I picked up a full sized blucky skeleton and used a dremel tool to clean him up a bit. I had planned on installing an oil funnel in his mouth and painting it white but then I realized that the entire skull was my funnel. I cut out the piece holding the neck to the body and fed a rubber hose up into his mouth. The head and hose are hot glued into place and attached at an upward tilt to the rest of the body. The outlet hose goes down into his pelvis and through the side of the bar. A wooden stake mounted to the underside of the bar top holds the skeleton upright. The arms are attached with bent coat hangers to hold it in place and glued again. The weight of the water and the bottle pulled it over until it touched the skull, so I hot glued that point as well and now it seems to be stable. The water line passes up through the rib cage and follows the arm up to the bottle.

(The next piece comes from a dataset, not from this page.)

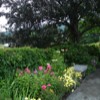 DSC02009
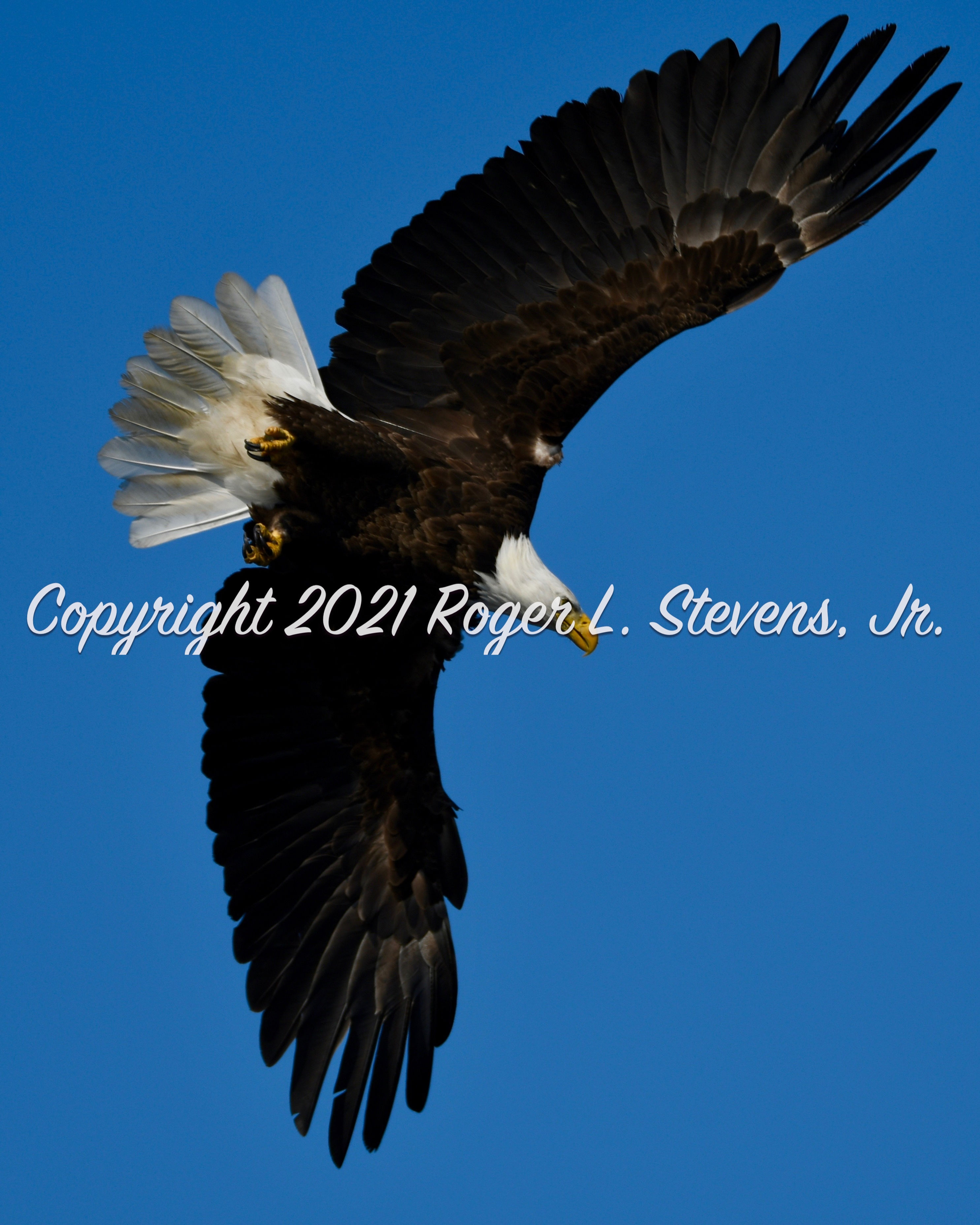 "Soaring Bald Eagle" 8"x10" Print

I'm going to fill it with a fluorescent liquid, maybe tonic water, that will glow under a black light. Directly beneath his arm I will cut out a circular hole to hold a blacklight spotlight. I heard that petroleum jelly glows so I might smear him with some of that before halloween so he lights up better.

The most important part of a build project is proper attire.

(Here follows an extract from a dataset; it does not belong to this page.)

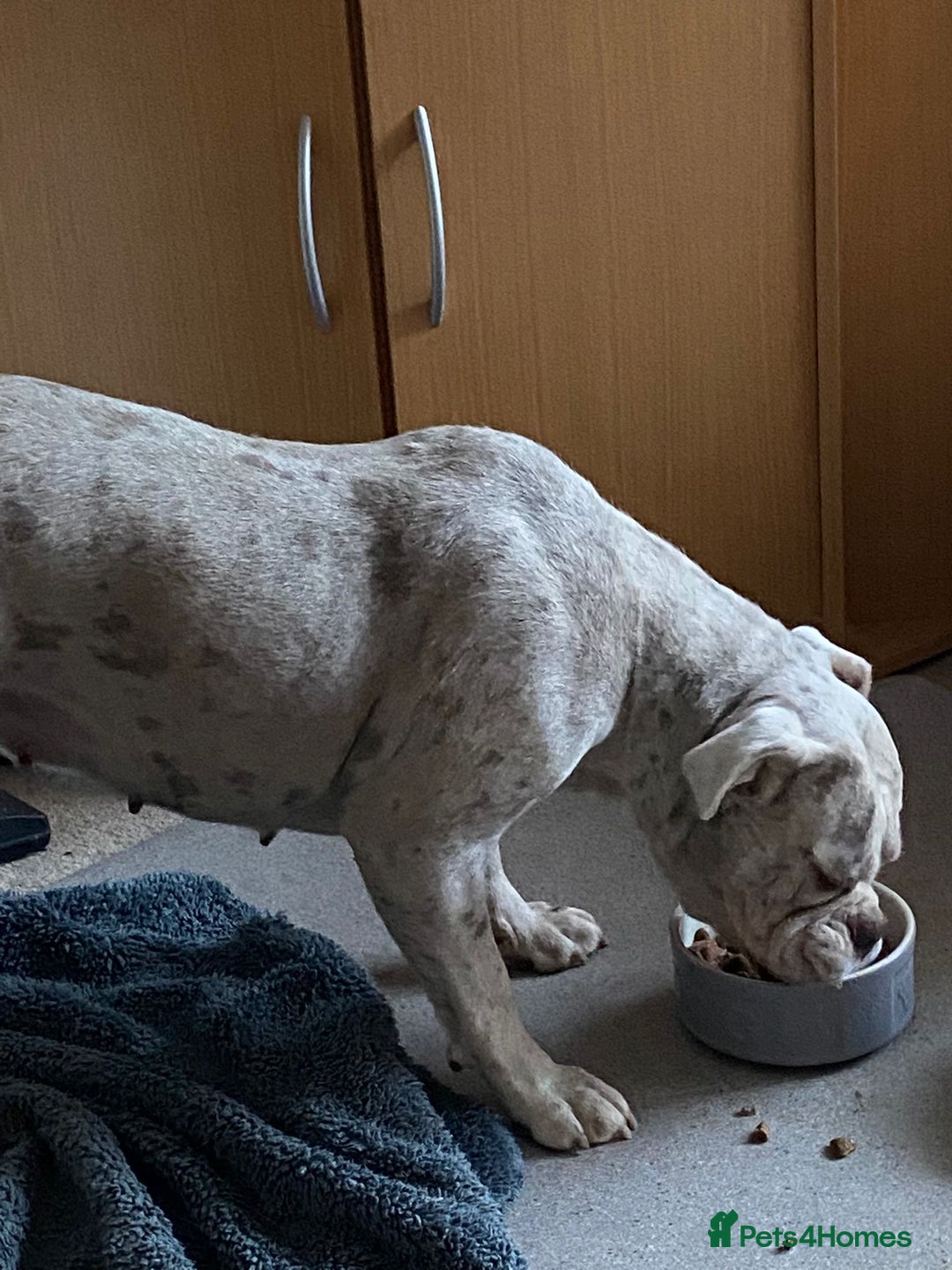 Dorset Olde Tyme Bulldogge dogs for sale: Dorset old tyme bulldog  - Image 5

Inlet hose (smaller in diameter than the outlet to prevent overflow)









Do Not Drink









Water pump and reservoir


----------



## My CReePY Garage (Jun 7, 2010)

That is going to be awesome all lit up. NICE work.


----------



## psyko99 (Jan 11, 2008)

That's a cool idea. I like it.

You probably could have run the tube through his arm too so it can't be seen. But it looks good from the front.


----------



## RoxyBlue (Oct 6, 2008)

He is SO going to have heartburn after drinking that acid


----------



## Terrormaster (Sep 27, 2007)

I like my sulfuric acid with a little OJ.

Can't wait to see this finished.


----------



## Mcnab (Oct 13, 2010)

Hell yes petroleum glows.


----------



## beelce (Jul 21, 2007)

That is too cool


----------



## jdsteel82 (Aug 27, 2010)

Ether keeps the voices away!


----------



## Just Whisper (Jan 19, 2009)

Looks great. A cool idea.


----------